HOY SAN ANTÓN LA GALLINA PON Y HASTA SAN ANTÓN PASCUAS SON
Uno vive rodeado de refranes y de recuerdos que son refranes
tan abundantes en la lengua castellana que evidencian la sabiduría del pueblo.
Pues sí. “Si con barbas san Antón y sin ellas la Purísima concepción”, se quejaban
algunos pintores malos. El santo eremita vivió 106 años.
Picasso el tan alabado y decadente yo creo que debiera de
tener una estampa del glorioso anacoreta de la Tebaida egipcia en su taller,
aunque no fuese creyente. Para mí (no se espanten si digo una blasfemia contra
el art “Nouveau”) el malagueño es un
decadente pintamonas mamarracho. Pero así van los nuevos tiempos.
Habría que regalarle el Guernica a Donald Trump para que
tuviera el lienzo en su despacho y echase para él una mirada cuando apretara el
botón dando la orden de bombardear el mundo. Ay bendito san Antón que nos lo
pintaban los renacentistas con unas barbas que le llegaban hasta la cintura y
una calva patriarcal. Y un cochinillo a los pies que le hablaba de Dios.
Aquella España campesina que yo conocía fue muy devota de este santo ayunador y milagrero que vivió más de cien años y un cuervo le traía un panecillo en el pico hasta la cueva donde hacía penitencia.
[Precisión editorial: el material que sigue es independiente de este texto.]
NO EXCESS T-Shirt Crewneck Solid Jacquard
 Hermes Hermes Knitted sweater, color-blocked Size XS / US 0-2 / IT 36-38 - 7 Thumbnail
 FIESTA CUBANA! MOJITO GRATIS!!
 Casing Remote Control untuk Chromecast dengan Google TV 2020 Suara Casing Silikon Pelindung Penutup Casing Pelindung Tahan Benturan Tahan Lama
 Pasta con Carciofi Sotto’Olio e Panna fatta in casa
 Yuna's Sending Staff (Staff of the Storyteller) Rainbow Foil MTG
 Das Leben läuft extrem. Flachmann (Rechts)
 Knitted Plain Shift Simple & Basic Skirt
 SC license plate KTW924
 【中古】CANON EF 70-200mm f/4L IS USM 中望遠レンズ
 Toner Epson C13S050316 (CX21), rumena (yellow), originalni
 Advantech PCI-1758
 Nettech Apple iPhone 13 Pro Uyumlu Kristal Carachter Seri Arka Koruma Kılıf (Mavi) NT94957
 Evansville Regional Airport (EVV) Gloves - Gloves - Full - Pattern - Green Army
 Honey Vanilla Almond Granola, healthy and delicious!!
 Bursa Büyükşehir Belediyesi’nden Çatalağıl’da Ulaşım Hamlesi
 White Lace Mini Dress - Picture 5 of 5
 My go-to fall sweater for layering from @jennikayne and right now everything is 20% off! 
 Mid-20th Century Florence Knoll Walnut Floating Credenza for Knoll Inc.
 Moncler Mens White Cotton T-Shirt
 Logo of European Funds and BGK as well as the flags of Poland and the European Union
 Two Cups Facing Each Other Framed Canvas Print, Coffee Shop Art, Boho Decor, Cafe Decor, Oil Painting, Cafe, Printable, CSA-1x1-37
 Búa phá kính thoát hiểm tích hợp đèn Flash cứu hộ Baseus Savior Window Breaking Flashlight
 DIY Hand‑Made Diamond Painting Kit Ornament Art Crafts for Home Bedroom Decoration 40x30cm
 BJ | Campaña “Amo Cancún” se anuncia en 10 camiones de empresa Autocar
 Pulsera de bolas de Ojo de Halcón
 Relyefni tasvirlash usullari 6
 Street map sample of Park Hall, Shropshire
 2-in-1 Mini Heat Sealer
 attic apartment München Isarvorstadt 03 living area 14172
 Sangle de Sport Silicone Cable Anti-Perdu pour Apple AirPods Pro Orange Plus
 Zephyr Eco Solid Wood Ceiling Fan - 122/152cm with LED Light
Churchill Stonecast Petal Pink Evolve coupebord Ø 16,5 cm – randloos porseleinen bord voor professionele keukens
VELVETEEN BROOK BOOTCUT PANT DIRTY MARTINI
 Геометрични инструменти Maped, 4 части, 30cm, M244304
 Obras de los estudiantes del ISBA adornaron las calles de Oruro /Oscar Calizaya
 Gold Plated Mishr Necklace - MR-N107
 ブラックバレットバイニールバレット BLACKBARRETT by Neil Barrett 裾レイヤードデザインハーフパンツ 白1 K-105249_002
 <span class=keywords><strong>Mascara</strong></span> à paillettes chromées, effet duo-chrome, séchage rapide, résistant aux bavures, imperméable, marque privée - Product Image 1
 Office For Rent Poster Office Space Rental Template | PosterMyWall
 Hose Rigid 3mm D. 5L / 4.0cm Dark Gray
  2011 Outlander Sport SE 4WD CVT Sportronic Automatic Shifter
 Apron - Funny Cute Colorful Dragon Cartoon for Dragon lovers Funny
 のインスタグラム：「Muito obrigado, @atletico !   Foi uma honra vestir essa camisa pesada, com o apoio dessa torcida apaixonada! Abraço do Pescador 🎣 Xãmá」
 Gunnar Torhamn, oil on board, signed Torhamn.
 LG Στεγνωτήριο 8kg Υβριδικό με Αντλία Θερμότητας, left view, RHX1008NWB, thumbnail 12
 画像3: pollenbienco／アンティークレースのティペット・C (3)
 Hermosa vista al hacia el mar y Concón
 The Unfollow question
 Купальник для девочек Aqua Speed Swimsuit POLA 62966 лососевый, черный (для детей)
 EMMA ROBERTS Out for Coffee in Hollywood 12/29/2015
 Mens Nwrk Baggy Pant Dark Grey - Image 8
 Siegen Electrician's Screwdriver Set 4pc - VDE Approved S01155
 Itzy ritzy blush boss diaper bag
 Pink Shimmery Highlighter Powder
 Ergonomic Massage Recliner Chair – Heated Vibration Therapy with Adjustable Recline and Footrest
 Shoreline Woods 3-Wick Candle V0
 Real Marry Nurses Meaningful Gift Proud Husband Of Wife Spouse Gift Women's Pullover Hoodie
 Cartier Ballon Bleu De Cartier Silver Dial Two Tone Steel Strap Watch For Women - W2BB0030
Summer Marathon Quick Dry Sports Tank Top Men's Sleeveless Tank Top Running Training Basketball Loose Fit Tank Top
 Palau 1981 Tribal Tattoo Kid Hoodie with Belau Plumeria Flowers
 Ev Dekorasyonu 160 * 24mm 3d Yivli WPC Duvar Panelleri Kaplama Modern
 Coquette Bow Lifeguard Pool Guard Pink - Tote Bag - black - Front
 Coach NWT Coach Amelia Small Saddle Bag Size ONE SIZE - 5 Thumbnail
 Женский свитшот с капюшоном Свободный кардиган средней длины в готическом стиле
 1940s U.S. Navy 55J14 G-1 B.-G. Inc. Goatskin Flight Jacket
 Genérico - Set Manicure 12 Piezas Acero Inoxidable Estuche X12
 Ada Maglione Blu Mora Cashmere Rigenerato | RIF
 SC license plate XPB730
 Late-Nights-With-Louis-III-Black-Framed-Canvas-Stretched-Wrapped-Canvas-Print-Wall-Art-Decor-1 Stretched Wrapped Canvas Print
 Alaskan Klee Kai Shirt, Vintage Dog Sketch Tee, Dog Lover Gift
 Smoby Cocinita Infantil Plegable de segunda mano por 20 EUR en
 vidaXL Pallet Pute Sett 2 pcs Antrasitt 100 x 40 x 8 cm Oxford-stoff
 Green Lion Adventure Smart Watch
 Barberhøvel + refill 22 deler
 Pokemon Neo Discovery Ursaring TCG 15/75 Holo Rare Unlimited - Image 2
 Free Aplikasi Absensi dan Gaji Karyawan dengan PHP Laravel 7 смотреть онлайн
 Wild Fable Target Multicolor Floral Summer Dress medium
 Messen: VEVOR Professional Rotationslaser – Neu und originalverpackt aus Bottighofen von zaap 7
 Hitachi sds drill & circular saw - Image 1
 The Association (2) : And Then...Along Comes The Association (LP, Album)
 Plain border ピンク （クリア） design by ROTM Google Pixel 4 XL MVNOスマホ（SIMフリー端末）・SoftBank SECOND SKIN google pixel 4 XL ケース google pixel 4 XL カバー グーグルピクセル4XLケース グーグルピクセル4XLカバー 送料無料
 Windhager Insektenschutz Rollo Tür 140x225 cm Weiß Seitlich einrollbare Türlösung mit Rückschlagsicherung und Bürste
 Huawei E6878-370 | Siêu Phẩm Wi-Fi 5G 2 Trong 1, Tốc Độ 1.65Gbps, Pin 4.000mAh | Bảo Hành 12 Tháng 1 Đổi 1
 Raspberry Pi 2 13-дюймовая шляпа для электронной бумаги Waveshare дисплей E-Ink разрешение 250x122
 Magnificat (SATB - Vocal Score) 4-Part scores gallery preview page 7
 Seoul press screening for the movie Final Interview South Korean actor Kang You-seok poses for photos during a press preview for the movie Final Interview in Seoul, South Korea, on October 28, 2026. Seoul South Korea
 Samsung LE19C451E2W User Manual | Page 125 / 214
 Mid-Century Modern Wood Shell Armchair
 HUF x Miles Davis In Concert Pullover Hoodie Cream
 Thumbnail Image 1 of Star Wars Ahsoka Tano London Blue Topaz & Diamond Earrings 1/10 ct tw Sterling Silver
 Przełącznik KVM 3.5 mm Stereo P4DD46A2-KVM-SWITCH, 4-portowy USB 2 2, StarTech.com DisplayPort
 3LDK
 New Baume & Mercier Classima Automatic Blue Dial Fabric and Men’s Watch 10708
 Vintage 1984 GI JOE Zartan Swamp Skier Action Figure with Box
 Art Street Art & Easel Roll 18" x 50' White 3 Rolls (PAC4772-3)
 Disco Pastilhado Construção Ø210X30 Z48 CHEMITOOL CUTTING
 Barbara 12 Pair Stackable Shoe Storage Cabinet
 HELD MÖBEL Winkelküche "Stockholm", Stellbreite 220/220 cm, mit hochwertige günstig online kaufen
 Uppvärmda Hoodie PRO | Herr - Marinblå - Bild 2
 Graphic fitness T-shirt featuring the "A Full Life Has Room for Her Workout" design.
Su norma muy apropiado a día
de hoy donde lo que más se aprecia es la longevidad era el lema siguiente:: “sustine et abstine” (persevera en la
oración y ayuna, abstente de la comida, la bebida, la lujuria, la ira y los
siete pecados capitales).
Hoy era el santo de los burros. Recuerdo un día de San Antón en mi Segovia nevada. Había caído más de una cuarta del blanco elemento y se arremolinaban en el atrio de San Millán la borriquilla del panadero, los caballos del Jurri, los loritos de la marquesa de Lozoya, los galgos y perdigueros de los cazadores y los mulos de la reata de los vinateros de san Pedro Abanto.
Salía don Benito vestido de sobrepelliz el párroco al pórtico acompañado de Nicanor el sacristán con el acetre y lanzaba con profusión el agua bendita sobre el lomo de los nobles brutos. Entonces nadie hablaba de mascotas.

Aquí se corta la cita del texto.